With over 35 years in banking and property finance I have been round the block a few times and seen a fair few periods of economic challenge. Every one is of course different.

Following the Truss / Kwarteng mess, the markets got spooked, interest rates were hiked (albeit this was probably on the cards at some point) and everybody stopped making decisions. Investors sat on their cash, pricing real estate investments became difficult against future rate uncertainly and funders had to make decisions on stress testing on the hoof resulting in fixed rate products moving as quickly as a pass the parcel and serviceability tests meaning leverage was in a downward spiral. Also added to the mix we then get the usual doom and gloom merchants making the headlines around house price falls.

Yes there may be a correction in house prices but depending on whom you talk to this could be 5-10% as opposed to a crash and the fundamentals of supply and demand imbalance in housing remains. Equally, liquidity remains strong in the property and investment markets which will ultimately want to find a home as cash deposits are not the medium-term home for value and inflation proofing.

Whilst we have seen some stability return to markets and swap rates reduced over recent weeks this has not filtered through into decision making or rates. It’s like the wind down for Christmas has come a little early and all conversations point to “let’s see where we are in January”.

At some point the parcel will stop being passed from person to person, the music will stop and cash will be deployed and lent as before.

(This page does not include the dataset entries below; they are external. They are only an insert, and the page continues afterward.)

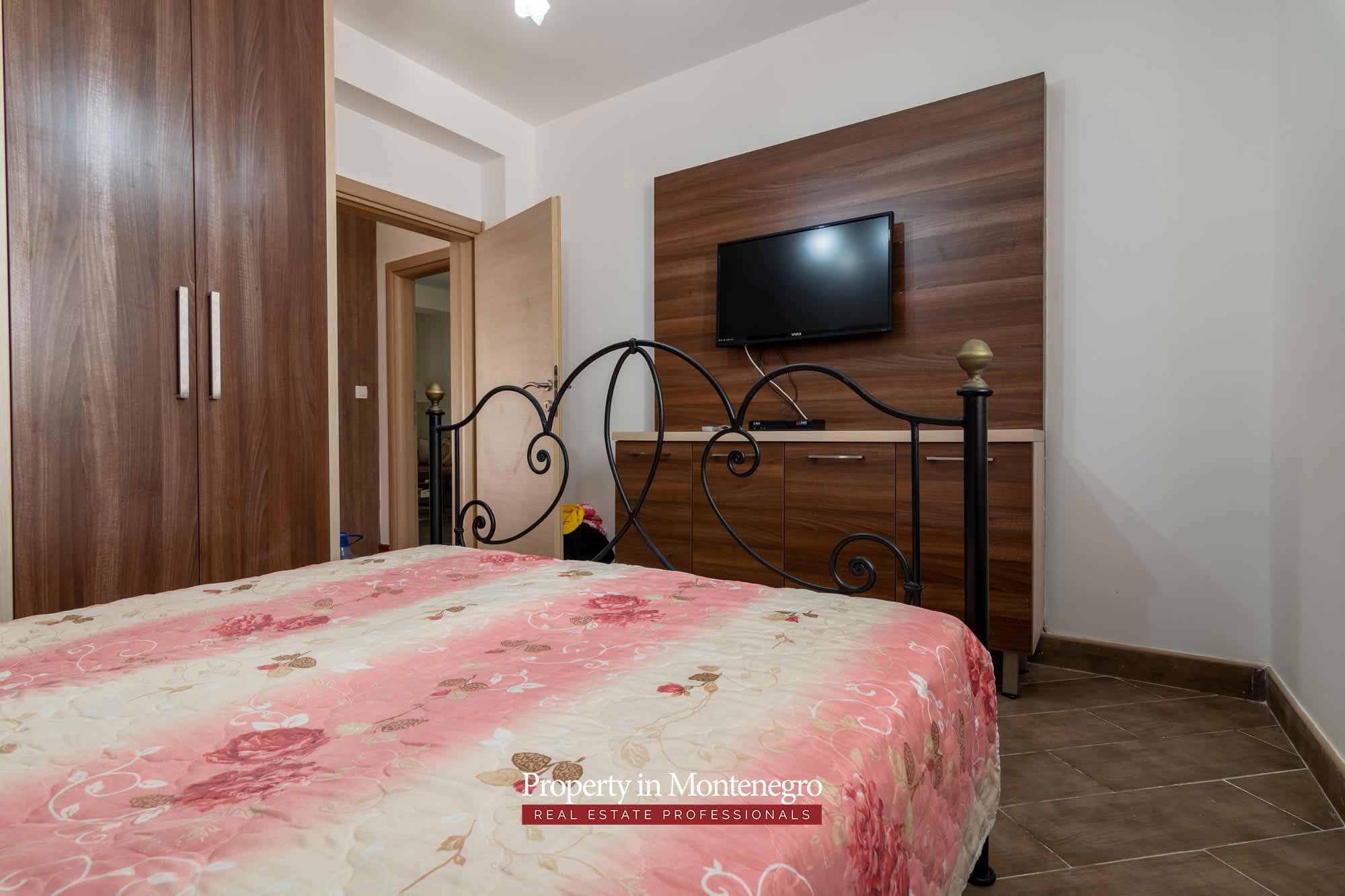 House in the quiet part of Tivat (34)
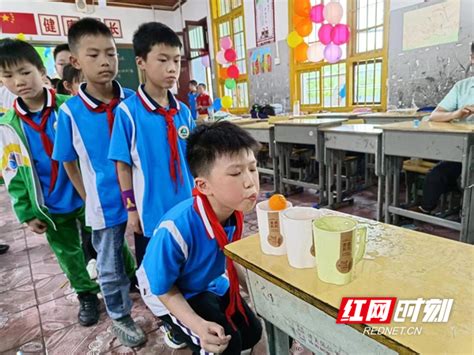 凤凰县文昌阁小学：喜迎二十大·快乐过六一凤凰要闻凤凰新闻网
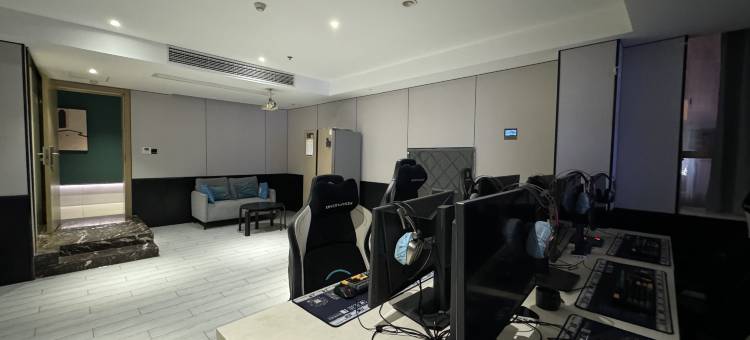 爱电竞酒店(苏州观前街平江路店)图片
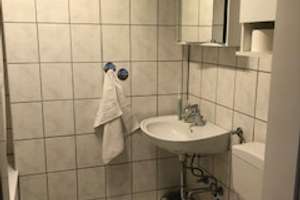 Charmante und voll möblierte 4 Zimmer Dachgeschoßwohnung – Henriettenstr. 11, 44793 Kruppwerke, Bochum – Vorschaubild 13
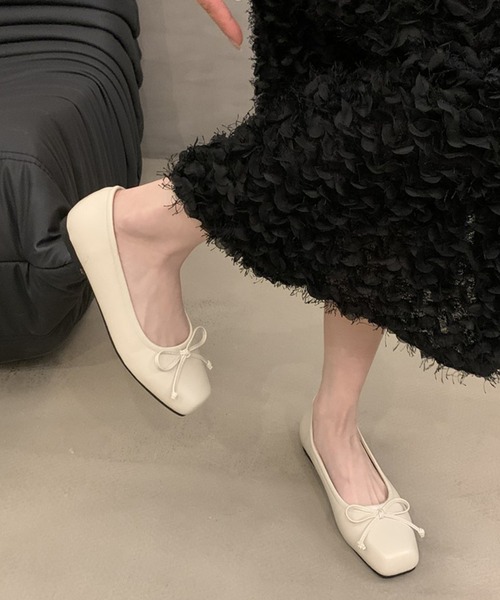 Lace Ladies(レースレディース)の「レザー調 スクエアトゥ リボン フラット パンプス(パンプス・レディース・ブラウン/ブラック/シルバー/アイボリー・25cm/23cm/23.5cm/24cm/24.5cm/22.5cm)」の2枚目の写真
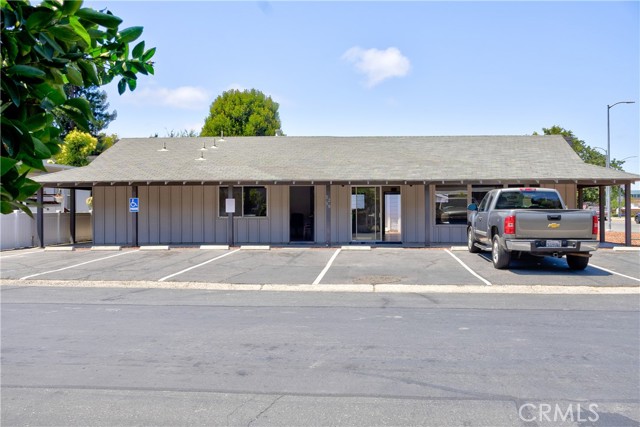 5250 Whispering Creek Drive, Santa Rosa CA: https://media.crmls.org/medias/86d864b8-2486-45a6-90a5-d1fef28c90a3.jpg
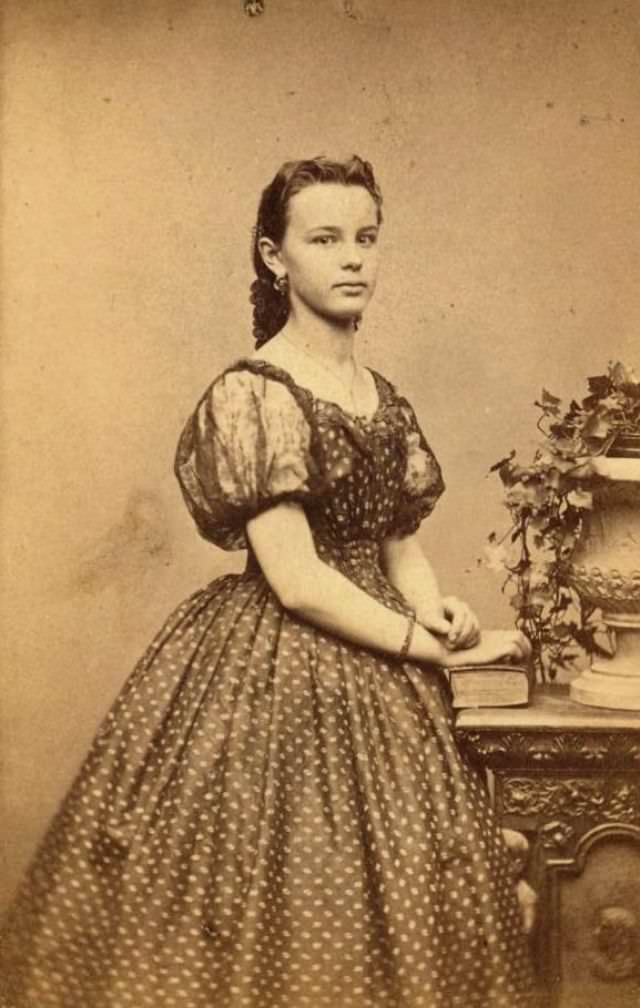 A Glimpse into Victorian Girls Fashion in the1860s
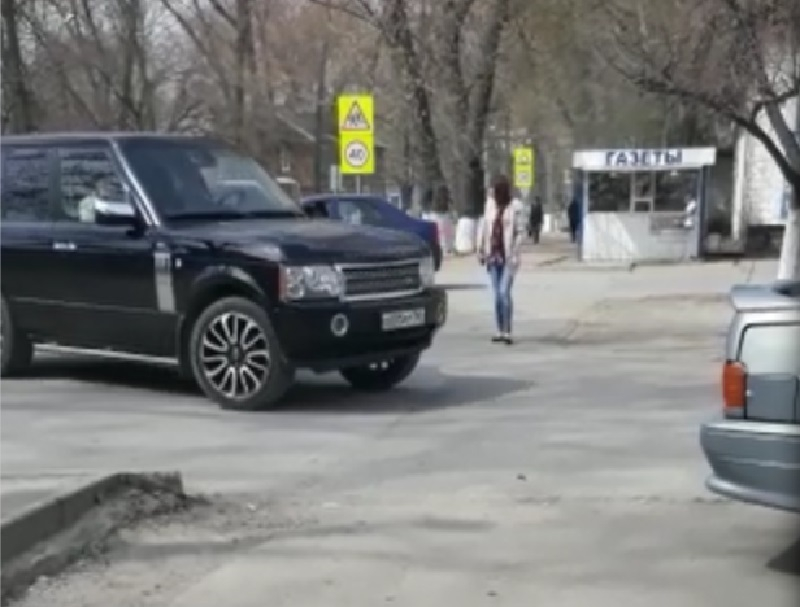 Сложный перекрёсток существует в посёлке Майский в Шахтах Сложный перекрёсток существует в посёлке Майский в Шахтах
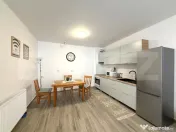Apartament 2 camere, 60 mp, A.C., parcare, zona Farmec 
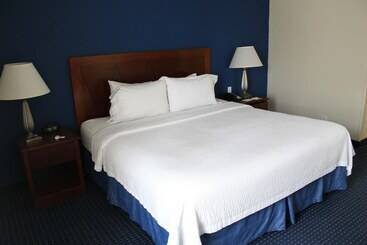 Резиденция Doral Inn & Suites Miami Airport West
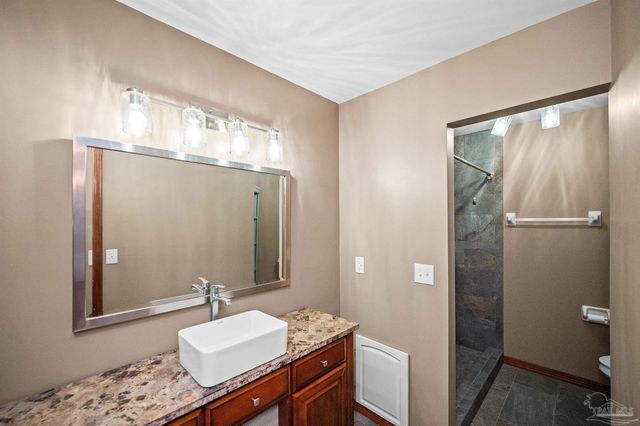 5621 Cardiman St, Milton, FL 32583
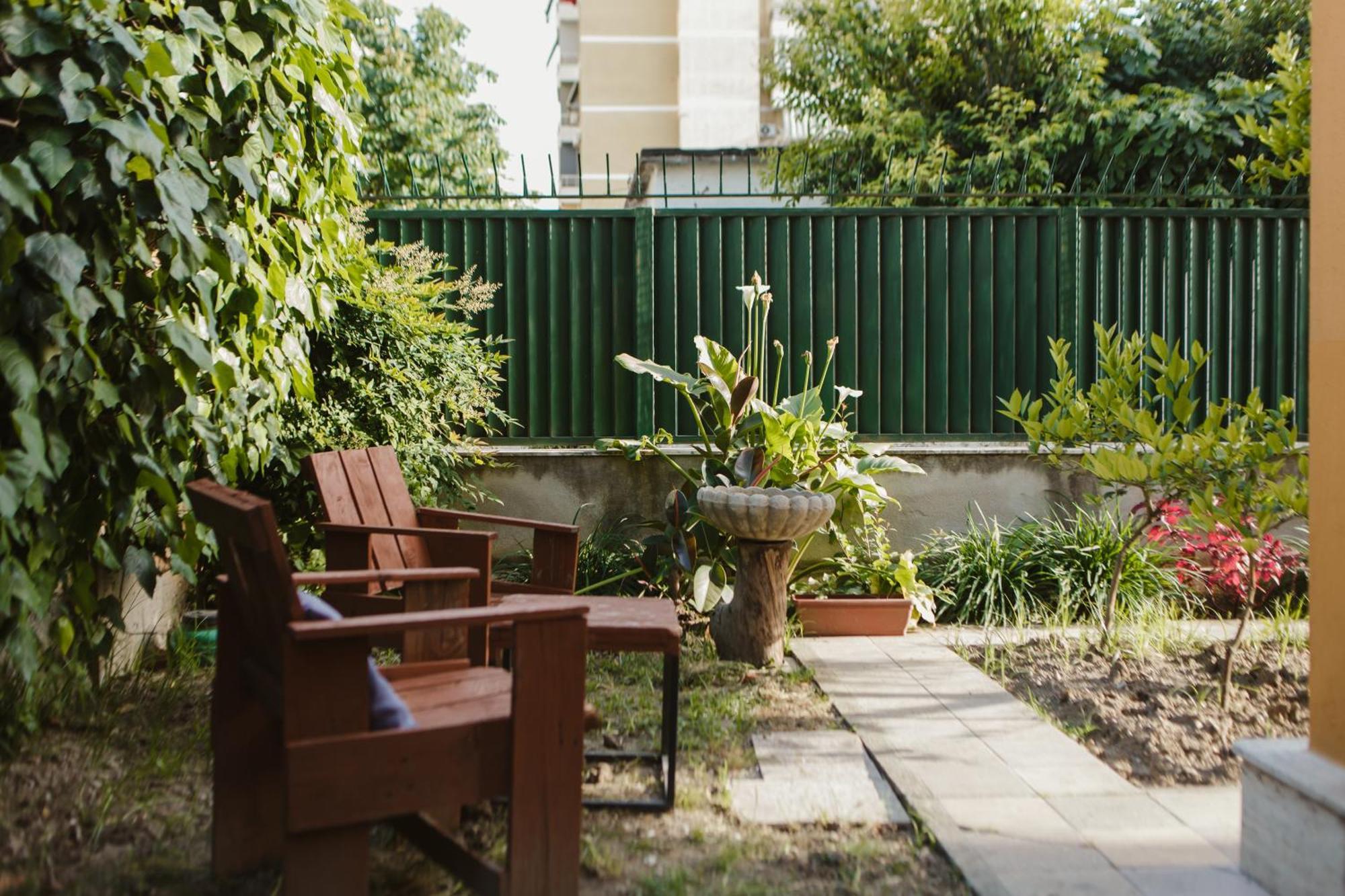 Rare Durres Apartment With Private Parking & Garden 외부 사진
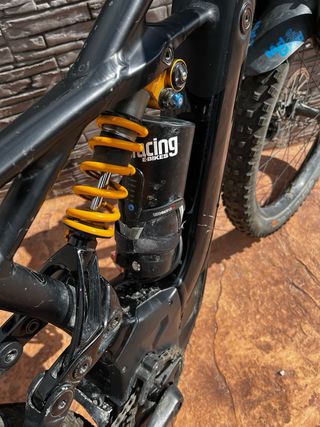 Bicicleta Enduro Negra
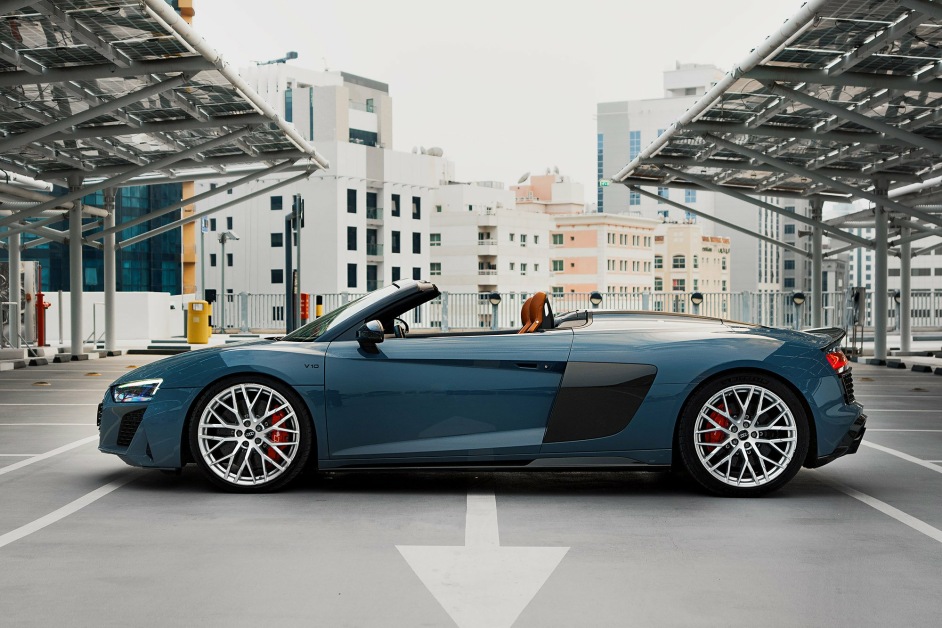 Аренда Audi R8 Spyder в Дубае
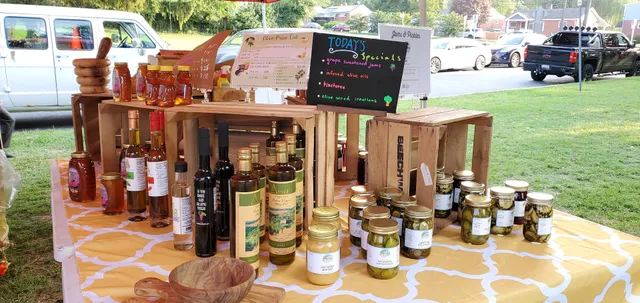 Wheaton Thursday Farmers Market - Open until November 20, 2025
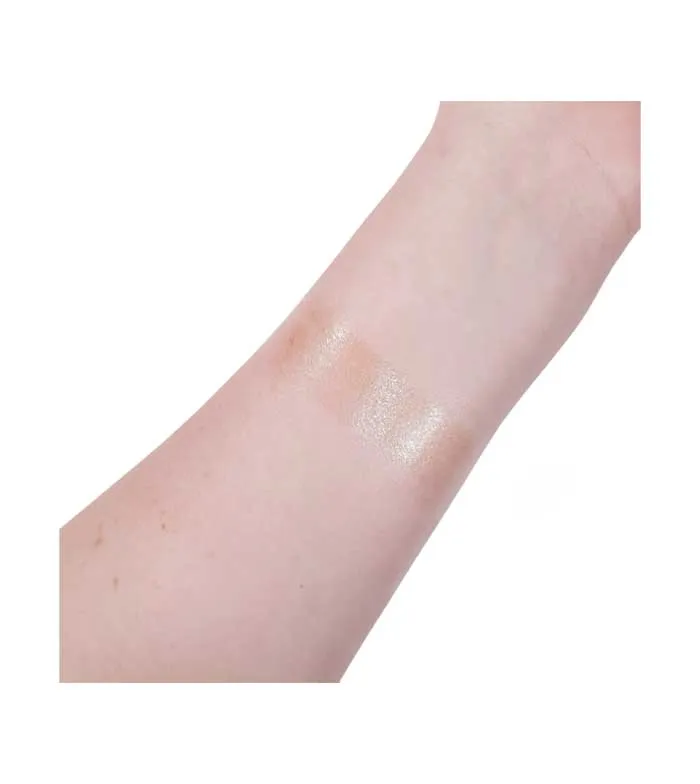 XX REVOLUTION  ILUMINADOR EN CREMA DAYDREAM DEW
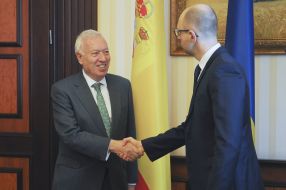 Arseniy Yatsenyuk and Jose Garcia-Margallo y Marfil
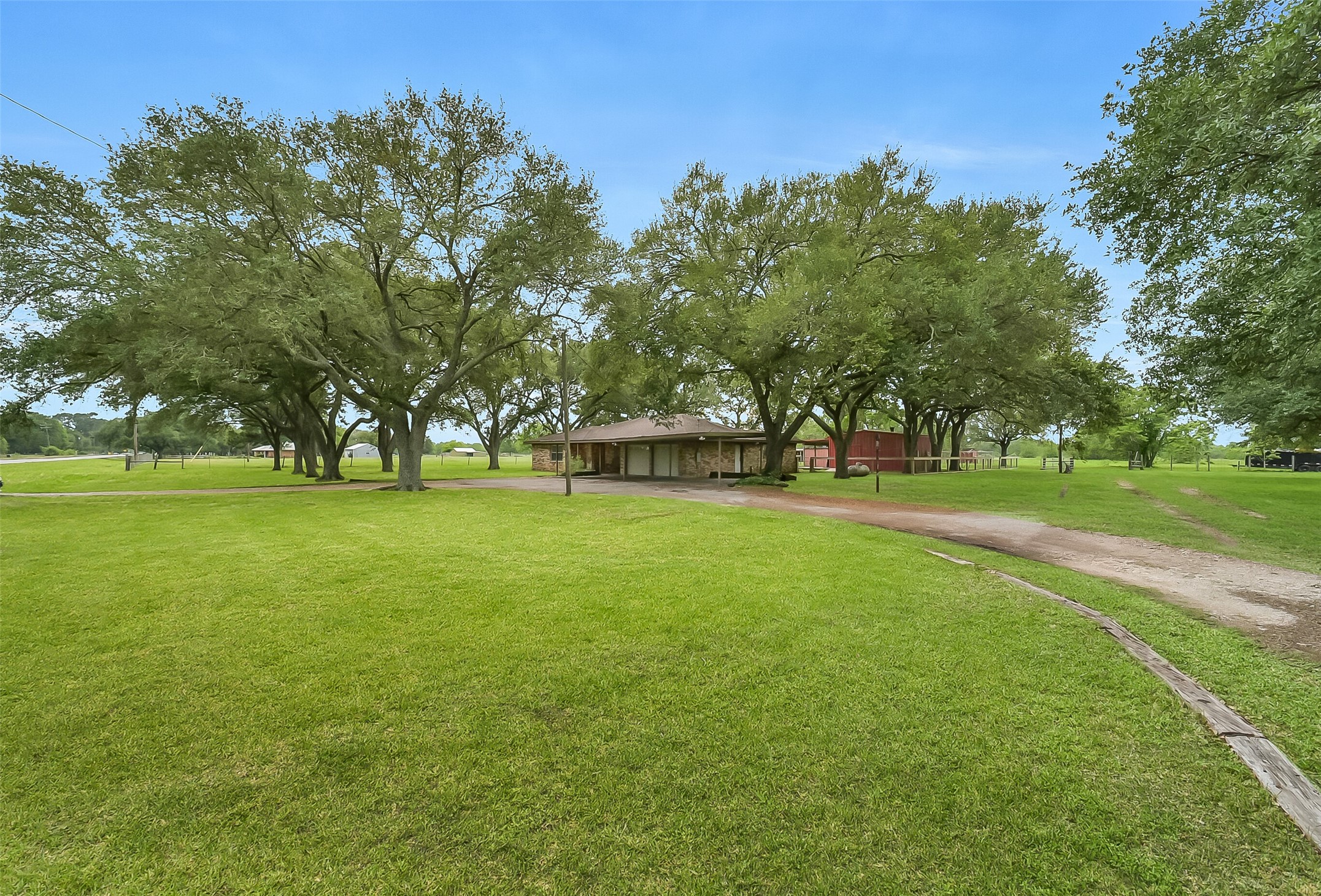 9606 Needville Fairchilds Road Needville, TX 77461 - Photo 9 of 46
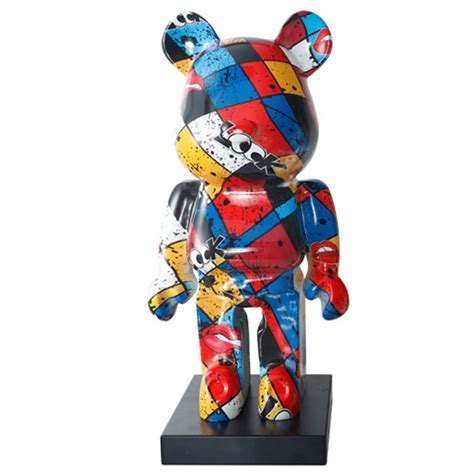 Статуэтка Bearbrick Look Lips on stand по цене 27 600 руб. купить в ...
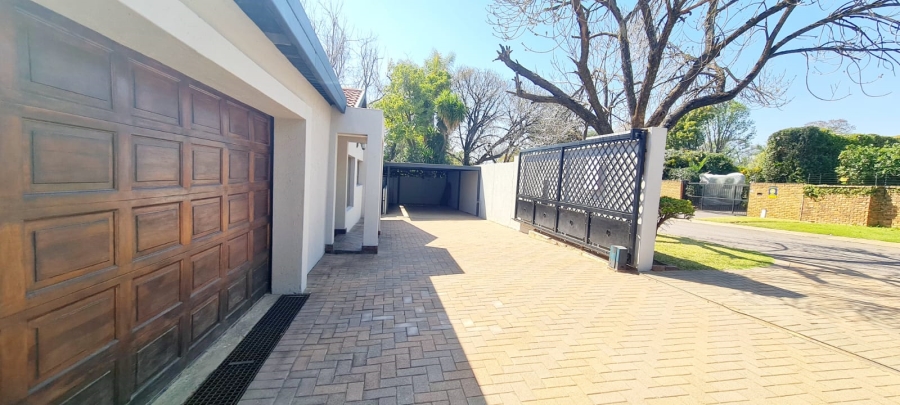 4 Bedroom Property for Sale in Garsfontein Gauteng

Lenders need to lend and competitive pressures will come to the fore – but I suspect not before Christmas.

Yes serviceability will be a keen focus for investment debt assessment and rates will probably dictate lower leverage. Equally, development lenders will want to ensure sufficient buffers exist within finance cost and contingency provisions but appetite for viable deals remains.

At Cowgills we still are getting deals across the line with funders with recent completed and approved deals including:

  • £5,400,000 bridge facility to assist with 100% of purchase price for industrial land with detailed planning.
  • £1,748,000 10 year 65% LTV Interest only Term Loan secured on commercial investment portfolio
  • £4,600,000 5 year part amortising investment facility secured on industrial investment portfolio at a margin of 2.21%
  • £5,772,000 residential development loan. 8 executive houses Greater Manchester. 65% Loan to GDV

It’s a time to hold your nerve and in the meantime sit back and enjoy the mince pies and mulled wine!


The information was correct at time of publishing but may now be out of date.